Question 3 True / False
The gluing condition for a sheaf requires two things: compatible local sections is expected to glue to a global section (existence), and that global section should be unique (uniqueness). A presheaf satisfying mainly the existence part is called a separated presheaf.
TTrue
FFalse
Answer: False
The definition is reversed. A separated presheaf satisfies the uniqueness part — if a global section exists and restricts to the same local data, it is unique — but does not guarantee existence of a global section. Separated presheaves have the property that sections are determined by their stalks locally, but compatible local data may fail to assemble. A full sheaf satisfies both uniqueness and existence. 'Satisfying only existence' is not the standard name for an intermediate notion between presheaf and sheaf.
Question 4 True / False
The sheafification functor L: PSh(X) → Sh(X) is the left adjoint to the inclusion Sh(X) → PSh(X), meaning maps from a presheaf F to any sheaf G correspond bijectively to maps from LF to G.
TTrue
FFalse
Answer: True
This is the precise categorical formulation of what sheafification does. The adjunction Hom(LF, G) ≅ Hom(F, iG) (where i is the forgetful inclusion) means sheafification is the universal way to map out of a presheaf into any sheaf. Instead of mapping directly from F, you can always factor through LF. This universal property defines LF up to isomorphism: it is the initial sheaf receiving a map from F. Recognizing this adjunction connects sheafification to other universal constructions in algebra — free objects, completions, and left adjoints generally.
Question 5 Short Answer
Explain the gluing condition in your own words, and why both the existence AND uniqueness parts are necessary for sheaves to capture the idea of 'local data assembling consistently to global data.'
Think about your answer, then reveal below.
Model answer: The gluing condition says: given compatible local sections (sections on each open in a cover that agree on all pairwise overlaps), there exists a unique global section that restricts to each local one. Existence ensures that locally consistent data can always be assembled — you are never stuck with compatible pieces that refuse to combine. Uniqueness ensures the assembly is unambiguous — there is only one global section compatible with the local data, so global sections are completely determined by their local behavior.
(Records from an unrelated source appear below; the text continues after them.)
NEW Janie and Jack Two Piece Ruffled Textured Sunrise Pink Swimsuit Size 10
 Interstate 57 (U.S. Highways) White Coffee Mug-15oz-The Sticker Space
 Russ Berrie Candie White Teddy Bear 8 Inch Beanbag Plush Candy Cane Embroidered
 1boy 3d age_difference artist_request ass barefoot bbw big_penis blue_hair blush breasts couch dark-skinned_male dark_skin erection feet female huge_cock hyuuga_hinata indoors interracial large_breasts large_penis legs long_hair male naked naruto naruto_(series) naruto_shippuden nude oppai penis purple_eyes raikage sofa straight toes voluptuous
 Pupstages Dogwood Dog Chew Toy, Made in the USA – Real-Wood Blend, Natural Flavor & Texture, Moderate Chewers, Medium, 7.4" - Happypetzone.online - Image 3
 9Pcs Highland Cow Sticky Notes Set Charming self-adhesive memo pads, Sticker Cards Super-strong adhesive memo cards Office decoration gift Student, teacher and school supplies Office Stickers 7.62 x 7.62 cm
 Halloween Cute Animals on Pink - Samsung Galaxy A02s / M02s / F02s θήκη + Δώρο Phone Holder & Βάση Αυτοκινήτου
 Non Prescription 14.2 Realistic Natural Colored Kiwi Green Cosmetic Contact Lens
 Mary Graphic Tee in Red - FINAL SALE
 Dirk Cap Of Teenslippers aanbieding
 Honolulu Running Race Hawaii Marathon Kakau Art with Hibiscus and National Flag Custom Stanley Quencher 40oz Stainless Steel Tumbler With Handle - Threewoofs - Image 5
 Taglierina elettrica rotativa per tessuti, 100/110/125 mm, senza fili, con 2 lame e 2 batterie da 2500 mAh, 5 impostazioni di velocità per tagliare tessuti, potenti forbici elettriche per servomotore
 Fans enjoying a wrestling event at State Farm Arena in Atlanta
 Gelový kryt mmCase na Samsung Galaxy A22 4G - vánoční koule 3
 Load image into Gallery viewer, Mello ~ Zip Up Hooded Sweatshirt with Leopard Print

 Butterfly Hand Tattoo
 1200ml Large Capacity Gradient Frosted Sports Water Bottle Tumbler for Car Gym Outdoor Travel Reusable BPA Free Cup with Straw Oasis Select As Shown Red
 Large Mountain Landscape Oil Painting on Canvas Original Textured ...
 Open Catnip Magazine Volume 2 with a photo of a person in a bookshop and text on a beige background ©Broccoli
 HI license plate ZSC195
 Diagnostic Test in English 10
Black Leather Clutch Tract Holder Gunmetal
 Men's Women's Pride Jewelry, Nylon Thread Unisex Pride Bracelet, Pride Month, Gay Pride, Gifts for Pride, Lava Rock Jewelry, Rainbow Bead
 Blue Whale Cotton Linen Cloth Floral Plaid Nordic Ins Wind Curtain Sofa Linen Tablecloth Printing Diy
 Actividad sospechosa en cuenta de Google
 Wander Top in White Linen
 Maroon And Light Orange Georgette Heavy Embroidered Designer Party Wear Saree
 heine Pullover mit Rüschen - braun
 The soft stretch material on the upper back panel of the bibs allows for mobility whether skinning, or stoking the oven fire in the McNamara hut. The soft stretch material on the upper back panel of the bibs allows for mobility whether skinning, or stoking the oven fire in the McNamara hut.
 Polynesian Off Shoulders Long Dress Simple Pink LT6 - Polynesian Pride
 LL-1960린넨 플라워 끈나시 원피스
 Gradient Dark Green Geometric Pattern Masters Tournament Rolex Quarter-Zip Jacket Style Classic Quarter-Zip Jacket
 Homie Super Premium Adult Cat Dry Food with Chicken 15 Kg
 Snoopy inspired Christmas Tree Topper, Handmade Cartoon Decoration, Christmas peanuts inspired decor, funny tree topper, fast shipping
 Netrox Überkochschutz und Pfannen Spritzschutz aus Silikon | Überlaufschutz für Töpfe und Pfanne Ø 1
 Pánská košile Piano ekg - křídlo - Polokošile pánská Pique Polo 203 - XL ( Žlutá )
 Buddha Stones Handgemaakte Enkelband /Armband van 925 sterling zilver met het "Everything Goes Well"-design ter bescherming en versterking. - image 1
Both parts do real logical work. Without existence, you could have locally consistent data with no global interpretation — the sheaf would fail to capture global structure from local data. Without uniqueness, two different global sections could have identical local restrictions, meaning global sections carry extra 'hidden' information not detectable locally — the local-to-global principle breaks down. Separated presheaves have uniqueness without existence; they can track local consistency but cannot always assemble it. Full sheaves require both, making sections completely determined by and assembleable from their local data.